I don't think it was even that, no one knew he had been xrayed particularly, the commentators on NBC live were talking about another horse with a hairline fracture, that got written down on NBCs website without the other horse bit - ta da it must be true!


----------



## OLDGREYMARE (13 August 2016)

I believe it is the French showjumper Ryan that has a hairline fracture of his hock so has been withdrawn.


----------



## honetpot (13 August 2016)

I think the things got even more muddied because he had excessive salivation, and his tongue stuck out.
http://www.hippofoto.be/portfolio/G0000xEK.G446Keo/I0000Q0q1pvBCosE


----------



## Bessi (13 August 2016)

He didn't have his tongue stuck out during the test that I could see but was frothed up excessively on one side of his mouth, as soon as she retired and dropped the rains he began sticking his tongue out (which is when I think that photo was taken as there is no rein contact at al).

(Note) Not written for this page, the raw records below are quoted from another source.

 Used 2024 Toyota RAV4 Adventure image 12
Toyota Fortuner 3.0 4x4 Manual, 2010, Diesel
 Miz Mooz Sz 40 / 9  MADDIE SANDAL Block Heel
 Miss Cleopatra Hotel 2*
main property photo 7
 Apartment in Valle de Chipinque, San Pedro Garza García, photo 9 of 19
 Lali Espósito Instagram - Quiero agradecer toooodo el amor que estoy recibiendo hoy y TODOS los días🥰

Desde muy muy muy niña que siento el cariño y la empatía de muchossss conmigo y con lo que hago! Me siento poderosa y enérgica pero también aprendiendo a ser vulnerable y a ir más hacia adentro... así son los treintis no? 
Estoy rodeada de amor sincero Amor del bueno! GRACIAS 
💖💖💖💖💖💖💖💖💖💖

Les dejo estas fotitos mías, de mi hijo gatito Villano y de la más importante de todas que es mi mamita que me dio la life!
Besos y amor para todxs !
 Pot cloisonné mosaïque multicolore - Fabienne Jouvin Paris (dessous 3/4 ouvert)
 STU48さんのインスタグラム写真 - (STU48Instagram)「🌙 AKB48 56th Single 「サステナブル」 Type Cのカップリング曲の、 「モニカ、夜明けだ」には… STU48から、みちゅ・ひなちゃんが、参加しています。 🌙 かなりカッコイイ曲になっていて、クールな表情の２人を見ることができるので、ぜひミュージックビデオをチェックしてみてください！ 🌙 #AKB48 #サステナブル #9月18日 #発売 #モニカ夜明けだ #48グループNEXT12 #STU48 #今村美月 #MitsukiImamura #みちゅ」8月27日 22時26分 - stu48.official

Its all been massively blown out of control on Facebook which is a real shame and quite detrimental to the campaign to keep horse sports in the olympics.


----------



## Lexi_ (13 August 2016)

Balanced out by the very positive coverage elsewhere though, hopefully! This popped up on my Twitter timeline and both the person who shared it and the original source site are very non-horsey.

http://www.goodhousekeeping.com/life/news/a39905/olympic-athlete-dropped-out-save-her-horse/


----------